Benim kuşağımın bayram anıları içinde, çoğunlukla, ertesi sabah erken uyandığında hemen giymek hevesiyle yatarken başucuna konan, bayramlık ayakkabı öyküsü yer alır.
Benim de öyle bir siyah rugan ayakkabı anım var sanıyorum, ama emin değilim. Bazen insan bir şeyi anımsar gibi oluyor, ama sonra anlıyor ki o olay hiç olmamış, tıpkı kesilen ayağın yerinde duyulan ağrı gibi.
Örneğin Galatasaray’ın ilkokulunda iken, bizim sınıfa müfettiş olarak gelen ünlü yazar Reşat Nuri Güntekin, capcanlı gözümün önünde, ama sınıf arkadaşlarımdan hiçbiri olayı onaylamadı. Sonunda anladım ki, böyle bir olay hiç olmamış. Peki, bendeki o görüntü nereden çıktı?
Bayramlık ayakkabı öyküsü de öyle, yetmiş yıl önceki yatağımın başucunda duran siyah rugan bir tokalı ayakkabı görüntüsü var. Ama bunun gerçekliğinden kuşkuluyum.
Ama aynı yıllarda bir bayram günü verilen, öküz gözü tabir edilen büyük nikel on kuruşluğu, biraz sonra sokağa çıkıp dondurmaya tahvil etmeyi beklerken, sırtüstü yattığım yerde tükürükleyip alnıma yapıştırmaya çalışırken boğazıma kaçtığı, boğulmama ramak kalmışken, Mahmut amcanın ayaklarımdan tutup, tepe aşağı sallandırmasıyla kurtulduğum gerçektir.
***
Bayramların geleneksel alışkanlıklarından biri de eski bayramları anmaktır.

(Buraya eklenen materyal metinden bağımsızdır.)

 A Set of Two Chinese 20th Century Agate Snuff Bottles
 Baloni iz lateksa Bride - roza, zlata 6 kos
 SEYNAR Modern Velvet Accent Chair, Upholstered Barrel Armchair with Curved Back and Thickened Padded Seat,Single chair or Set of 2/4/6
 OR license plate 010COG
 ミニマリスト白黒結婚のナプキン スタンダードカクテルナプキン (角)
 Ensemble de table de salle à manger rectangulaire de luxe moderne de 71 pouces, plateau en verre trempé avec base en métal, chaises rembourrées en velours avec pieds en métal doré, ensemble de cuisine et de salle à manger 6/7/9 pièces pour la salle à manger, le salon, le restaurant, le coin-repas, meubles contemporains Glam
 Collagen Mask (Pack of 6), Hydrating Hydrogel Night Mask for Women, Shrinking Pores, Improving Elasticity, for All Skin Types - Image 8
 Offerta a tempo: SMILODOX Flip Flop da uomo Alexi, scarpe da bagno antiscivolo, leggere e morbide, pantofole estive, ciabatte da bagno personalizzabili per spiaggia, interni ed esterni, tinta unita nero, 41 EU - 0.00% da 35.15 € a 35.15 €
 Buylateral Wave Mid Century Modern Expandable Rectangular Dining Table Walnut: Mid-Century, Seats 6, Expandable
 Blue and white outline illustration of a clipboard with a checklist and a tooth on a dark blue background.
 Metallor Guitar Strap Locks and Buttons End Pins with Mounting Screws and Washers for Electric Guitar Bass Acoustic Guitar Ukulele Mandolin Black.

Gazeteciliğe ilk başladığım günlerde, bir yandan dış politika yazıları yazarken bir yandan da, enginarın kararmaması için ne yapmak gerektiğinden tutun, yeşil salatanın mikroplarının öldürülmesi için sirkeli suya yatırılmasına kadar türlü pratik bilgiyi içeren, magazinlerden günlük fala kadar envai çeşit yazı yazardım. Bir keresinde de, Akşam gazetesini açıp, “Bakalım bugünkü falımız neymiş?” diye bir gün önce kendi yazdığım yazıyı okuduğumu hiç unutmam.